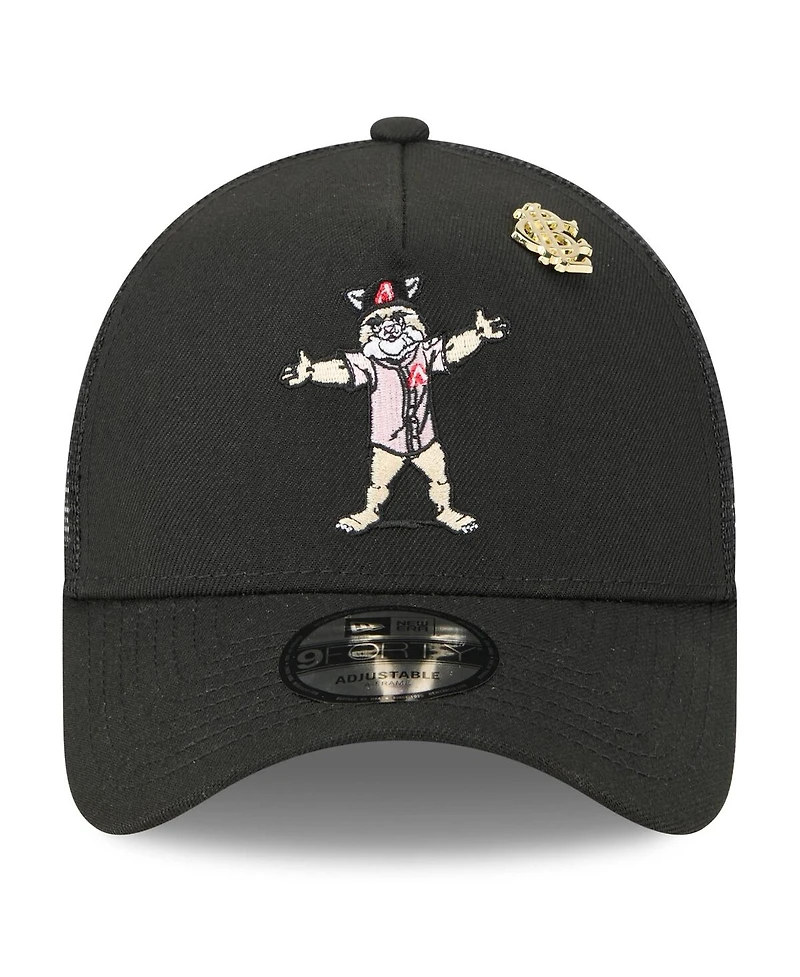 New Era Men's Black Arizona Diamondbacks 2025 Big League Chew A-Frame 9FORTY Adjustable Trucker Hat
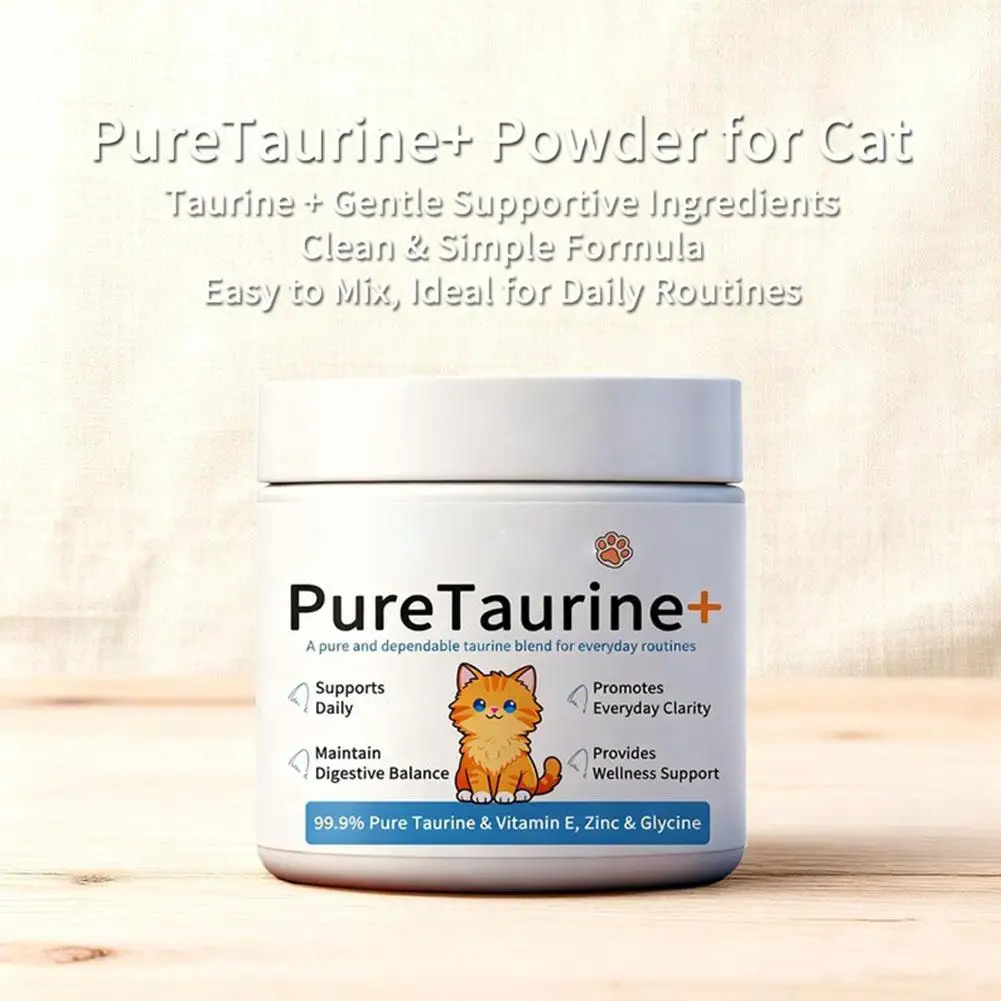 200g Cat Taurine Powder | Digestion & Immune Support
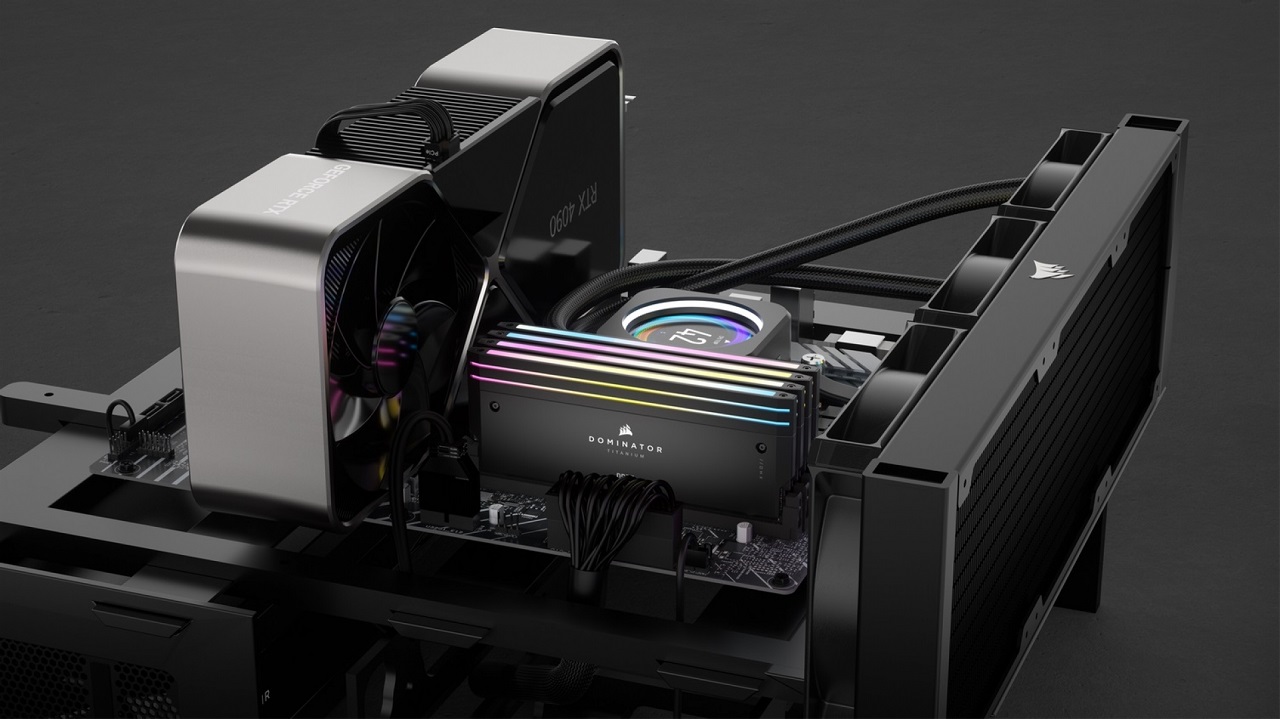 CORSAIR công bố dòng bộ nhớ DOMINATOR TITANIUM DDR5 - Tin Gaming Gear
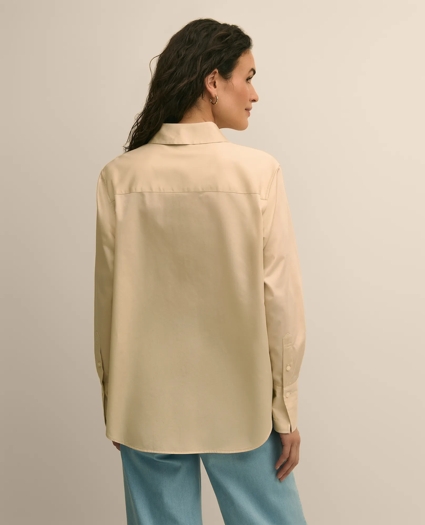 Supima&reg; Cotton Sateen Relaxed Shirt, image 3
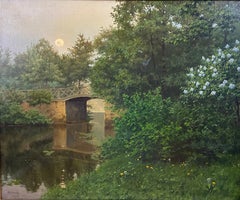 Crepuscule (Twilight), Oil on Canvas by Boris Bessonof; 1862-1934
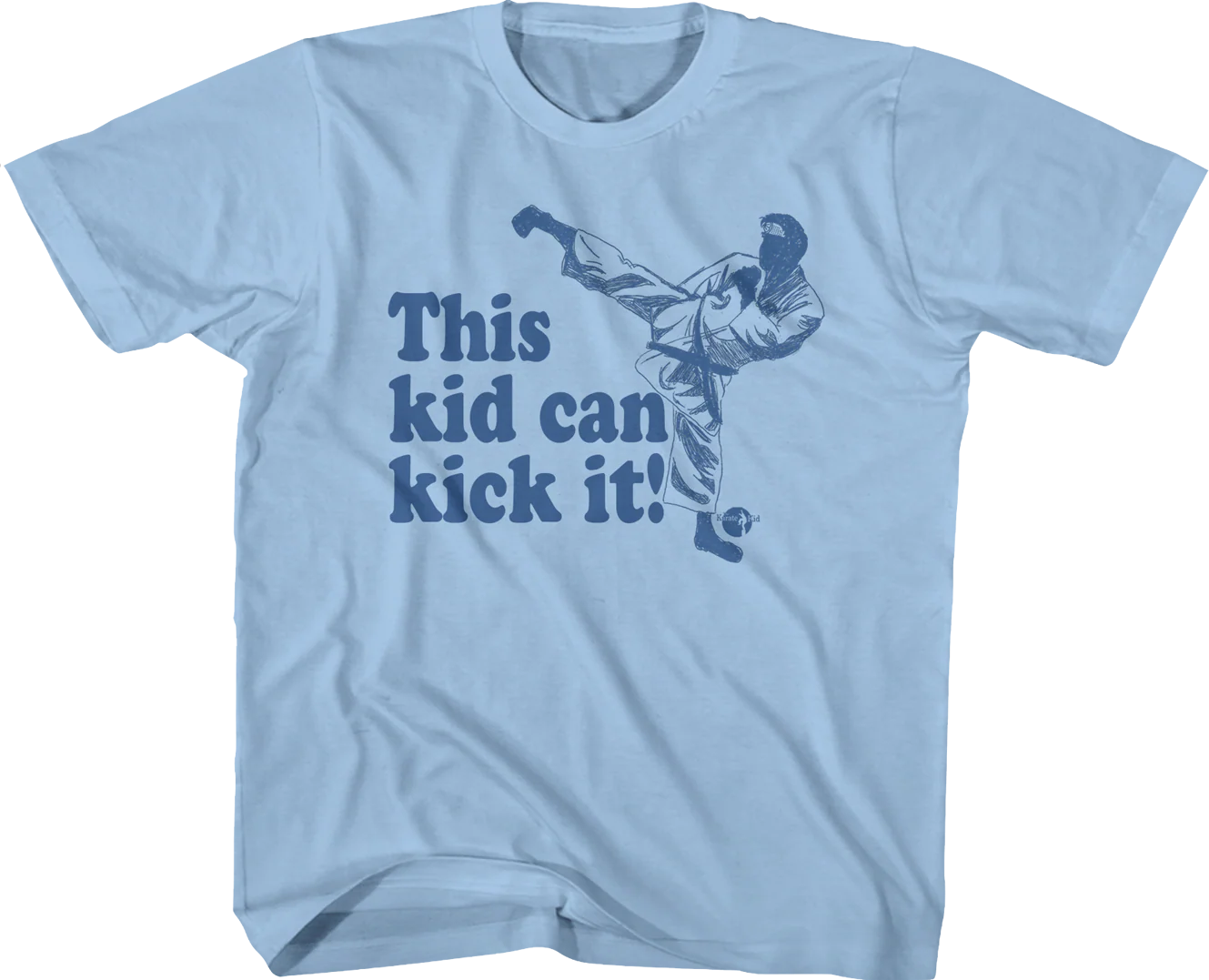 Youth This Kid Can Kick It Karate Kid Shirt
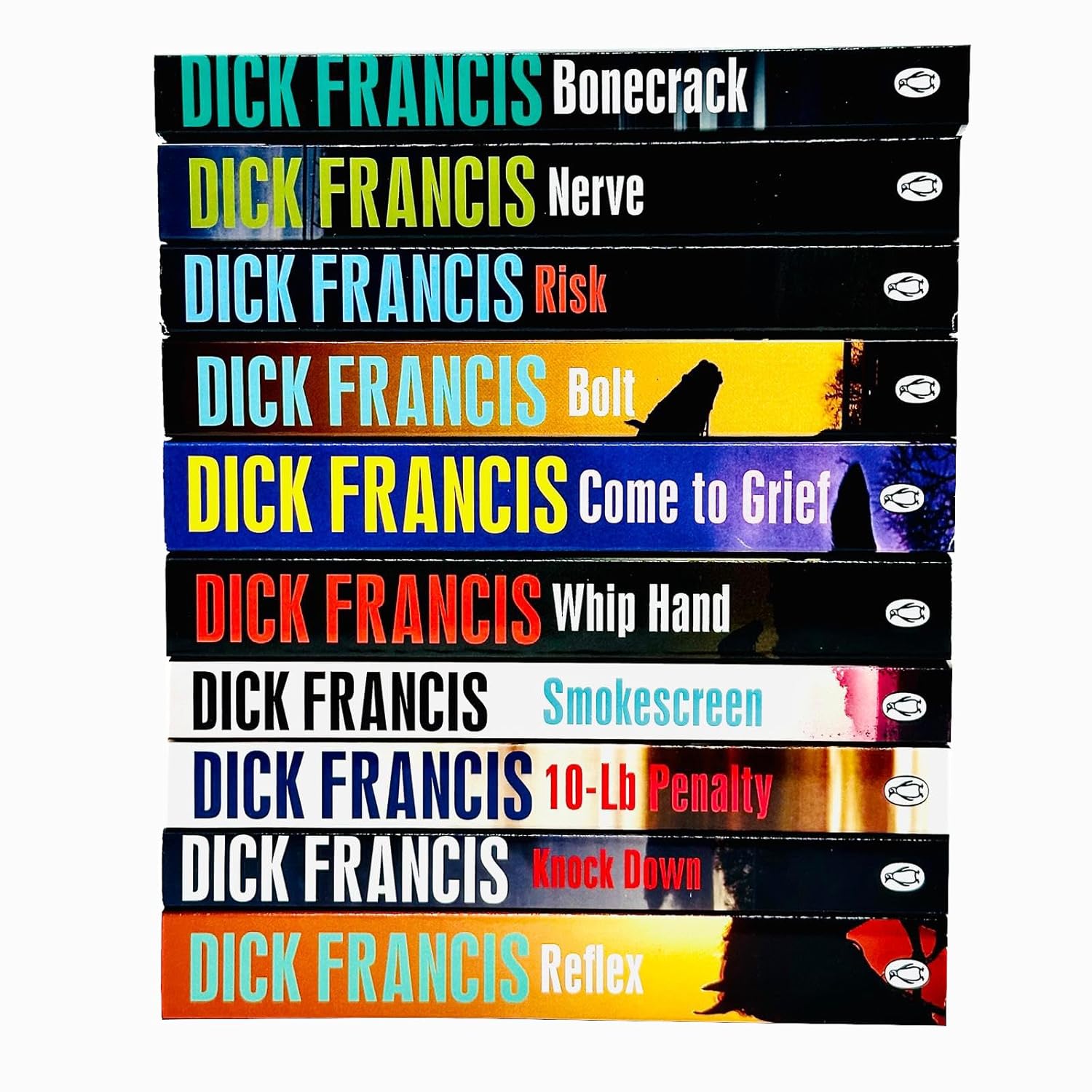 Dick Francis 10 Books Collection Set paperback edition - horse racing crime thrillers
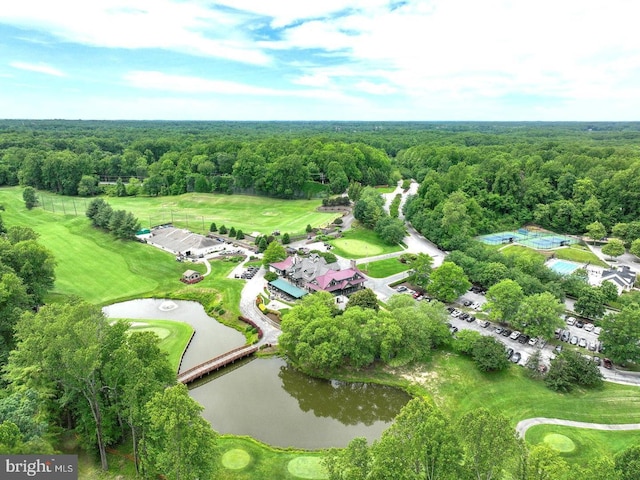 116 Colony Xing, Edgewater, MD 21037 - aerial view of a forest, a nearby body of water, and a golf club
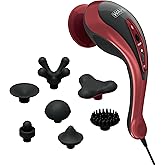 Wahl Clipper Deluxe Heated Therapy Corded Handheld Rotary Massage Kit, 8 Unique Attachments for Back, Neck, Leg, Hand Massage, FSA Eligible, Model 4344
* * *
#### [Your task]
The copy should hold exactly the lines above from the one with "200g Cat Taurine" through the one with "116 Colony Xing, Edgewater, MD", both ends counted, and no pictures at all.

#### [Completed exercise]
 200g Cat Taurine Powder | Digestion & Immune Support
 CORSAIR công bố dòng bộ nhớ DOMINATOR TITANIUM DDR5 - Tin Gaming Gear
 Supima&reg; Cotton Sateen Relaxed Shirt, image 3
 Crepuscule (Twilight), Oil on Canvas by Boris Bessonof; 1862-1934
 Youth This Kid Can Kick It Karate Kid Shirt
 Dick Francis 10 Books Collection Set paperback edition - horse racing crime thrillers
 116 Colony Xing, Edgewater, MD 21037 - aerial view of a forest, a nearby body of water, and a golf club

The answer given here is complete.